Moon Hyung-jin, the Rev. Moon’s hand-picked successor as religious director, was just 17 when he took a bride chosen by his father; the couple now have five children. In addition, three of the Rev. Moon’s grandchildren were set up with followers from Japan, the colonial ruler of Korea.
The younger Moon says he sees the unions as an opportunity for diplomacy.
“If people from Korea and Japan marry with this broad mindset, their children won’t see their parents’ countries as enemies and instead will come to love both countries,” he told The Associated Press in an interview at his Seoul office.
Baby-faced and soft-spoken, Moon Hyung-jin was born and raised in New York, where he was known as Sean. He admits he’s still growing into his new job.
“When my father asked me to take on this role, I told him this responsibility was a bit much for me,” he said. “He told me not to worry, that many people would help me.”
Since then, the younger Moon says he has carved out some areas of change, including making the church’s fundraising activities more transparent. The church has been accused of duping followers into handing over their life savings.
Membership is also a key concern. Though the church claims millions of members worldwide, experts say the figure is far lower — no more than 100,000. In South Korea, Unification Church members are far outnumbered by Catholics, Presbyterians and Buddhists.
“We’ve been weak on membership and on figuring out the church’s direction. We’ve been trying to resolve those issues,” Moon Hyung-jin said. “But the church is getting stronger, and church members are happier.”
Asked if his membership drive would include any 120-city world tours like the one his father undertook at age 85, Moon laughed and said he shouldn’t be seen as a successor to his father. “I can’t be compared to my father,” he said. “If people put so much importance in their titles, they become arrogant.”
The younger Moon’s anointment came despite a lapse of faith during his Harvard years, when he said he turned to Buddhism after a brother, Young-jin, died in Reno, Nevada, in 1999, in what authorities called a suicide.
He said his father ordered church members not to criticize him for donning Buddhist robes and shaving his head on campus. “I was hugely moved,” he said. “I had thought my father would kick me out of the church, but he protected me.”

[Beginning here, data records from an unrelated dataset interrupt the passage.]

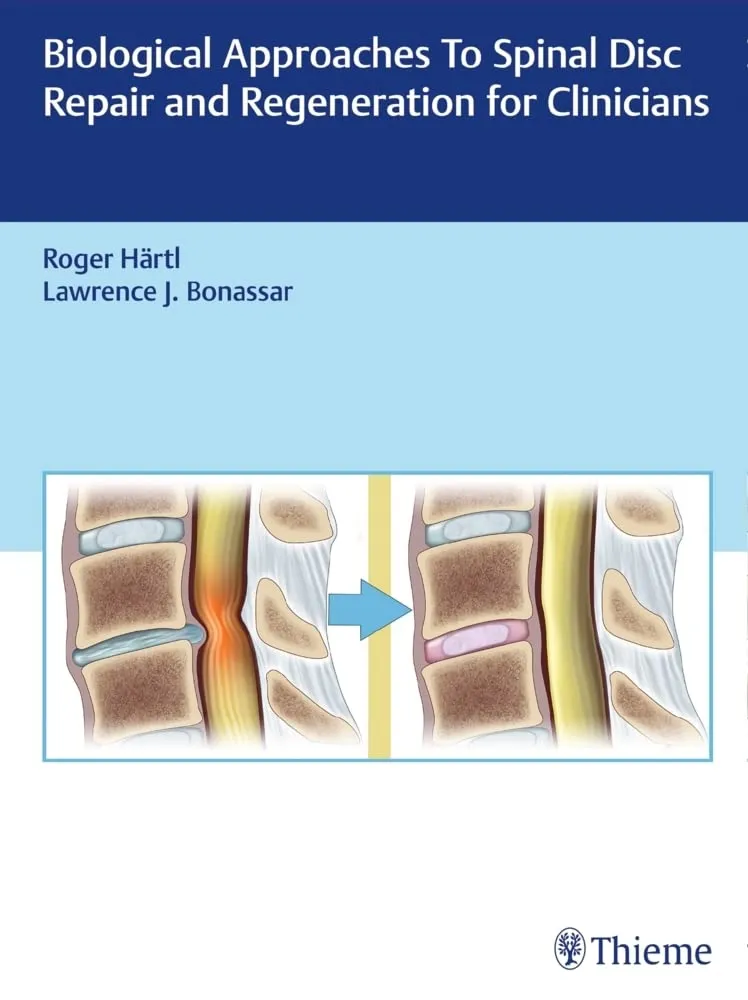 Biological Approaches to Spinal Disc Repair and Regeneration for Clinicians | Hardcover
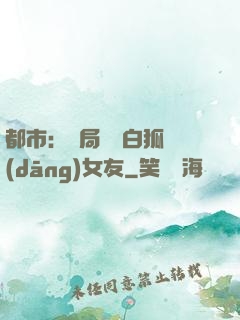 都市：開局撿個白狐當(dāng)女友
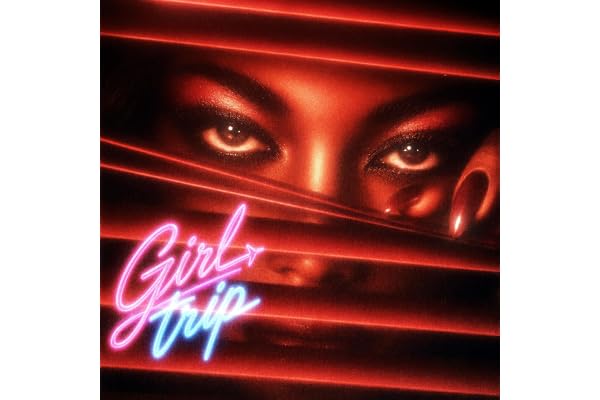 Girl Trip (Radio)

While Moon Hyung-jin preaches in both Korean and fluent English, his style is distinctly American. At a service last month in Seoul broadcast on his Web site, there was more rock than gospel.

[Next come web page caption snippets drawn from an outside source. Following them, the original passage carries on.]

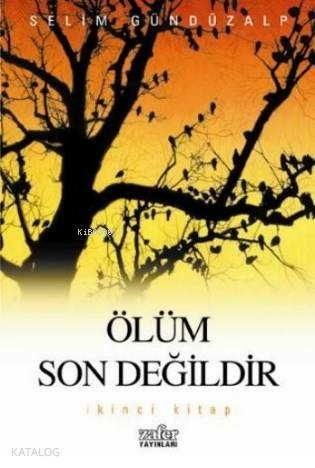 Ölüm Son Değildir 2 Selim Gündüzalp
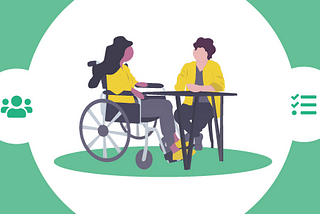 In illustration showing two people sitting at a table talking. the person on the left is in a wheelchair. On either side of the people are several icons including a hand holding a heart, a book, three people, a checklist, a gavel and a person with a shield in front of them.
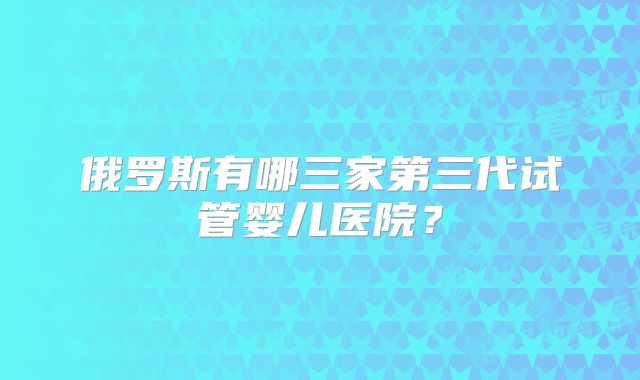 俄罗斯有哪三家第三代试管婴儿医院？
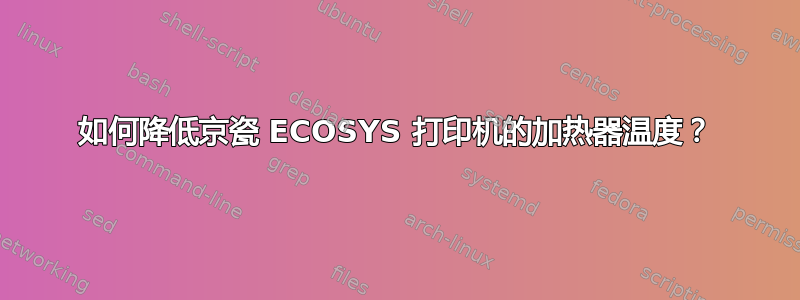 如何降低京瓷 ECOSYS 打印机的加热器温度？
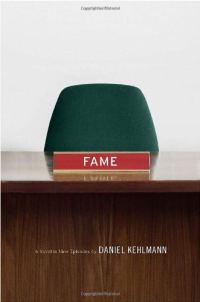 Обложка книги «Fame: A Novel in Nine Episodes»
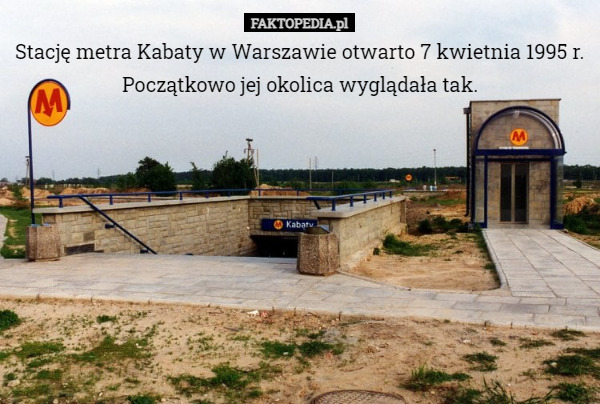 Stację metra Kabaty w Warszawie otwarto 7 kwietnia 1995 r. Początkowo jej...
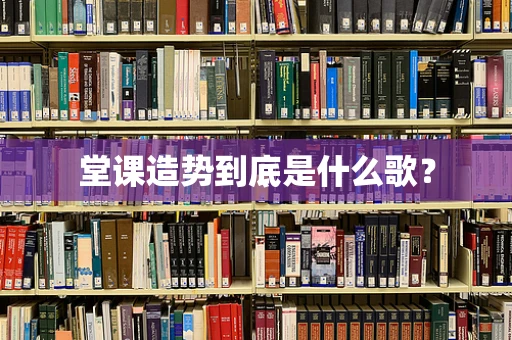 堂课造势到底是什么歌？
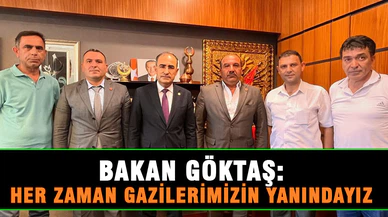 Bakan Göktaş, “Gazilerimizin yanında olmaya devam edeceğiz”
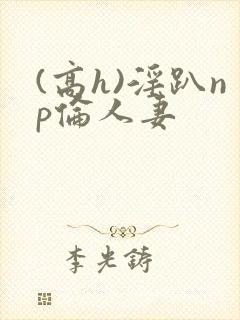 (高h)淫趴np伦人妻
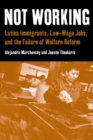 Not Working : Latina Immigrants, Low-Wage Jobs, and the Failure of Welfare Reform - eBook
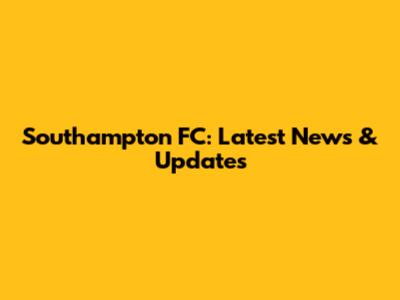 Southampton FC: Latest News & Updates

“Give it up! Let’s give it up for True Parents!” he proclaimed, using the church terms for the elder Rev. Moon and his wife.

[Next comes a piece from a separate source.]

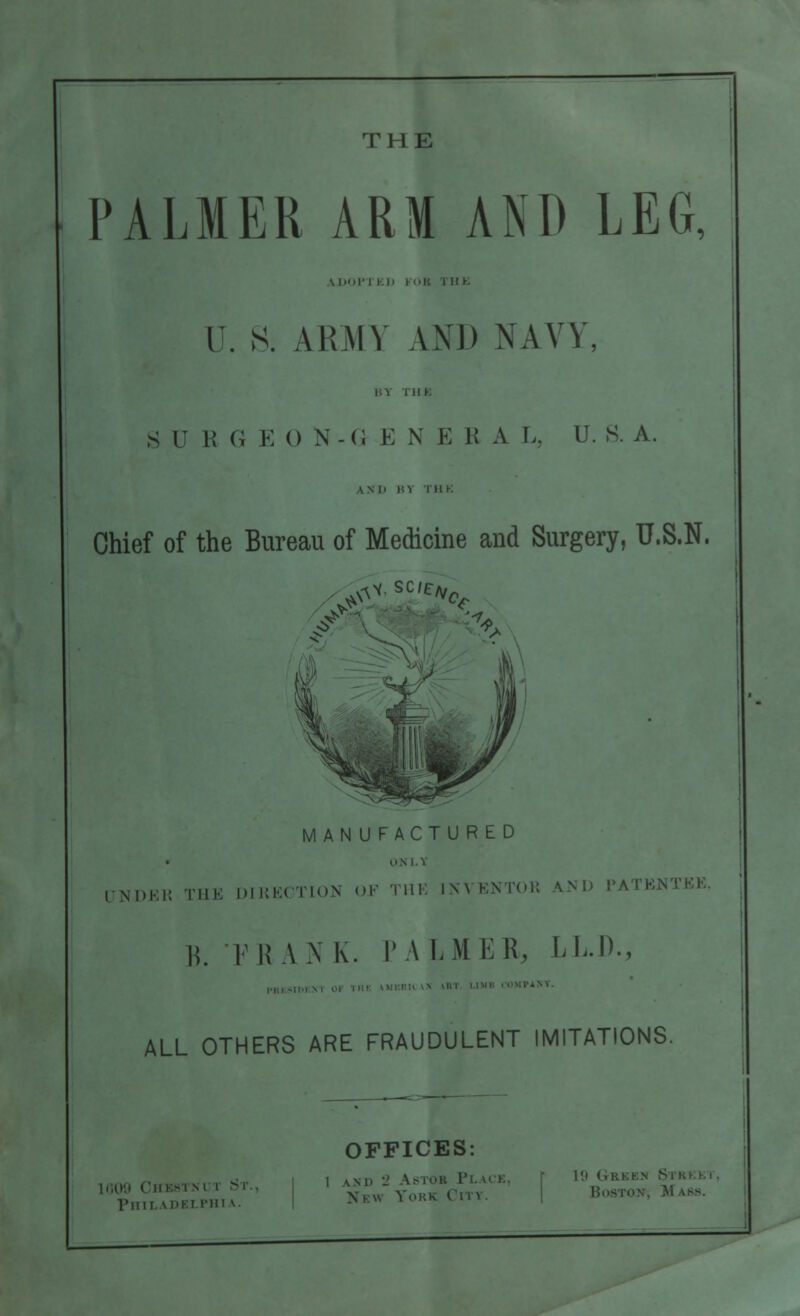 THE PALMER ARM AND LEG, VDOPTKJ) KHR 111 K U. S. AliMY AND NAVY, SB I! G E 0 N-G E X E R A I.. U. S. A. WI> H 1 I UK Chief of the Bureau of Medicine and Surgery, U.S.N. ^•sc/c/v0 MANUFACTURED LTN1 ,,,,, THE |)M;|,( |'|,,N OF Till: INN ENTOK KXD 1'A B. FRANK. PALMER, LL.D., 1ST. ALL OTHERS ARE FRAUDULENT IMITATIONS. Phil idklfhi \.. OFFICES: I \M>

Moon Kook-jin, who has headed the church’s South Korean business operations since 2005, praised his youngest brother. “I think he’s doing a good job,” he told the AP.
A Seoul businessman and owner of the New York-based gun manufacturer Kahr Arms, Moon Kook-jin says he sees no contradiction in owning a weapons factory. “To build a peaceful country, we need the police and an army,” he said, a black Kahr Arms baseball cap perched on his head.
Critics maintain the Rev. Moon is little more than a charismatic cult leader who brainwashes followers.
“What Rev. Moon says is the law,” said Lee Young-sun, a follower who left the church in 2001 after 31 years. Her family so revered Moon, she said, they hung his portrait on the wall and thanked him in their mealtime prayers. “The church’s brainwashing is exactly what North Korea does,” she said.
Still, some analysts say that by anointing a new generation, Moon may ensure the church endures after his death
“Some people say the Unification Church may perish after Moon’s death but I don’t think so,” said Tark Ji-il, a religion professor at Busan Presbyterian University. “It’s more accurate to view them now as a corporate organization uniting people with similar religious beliefs.”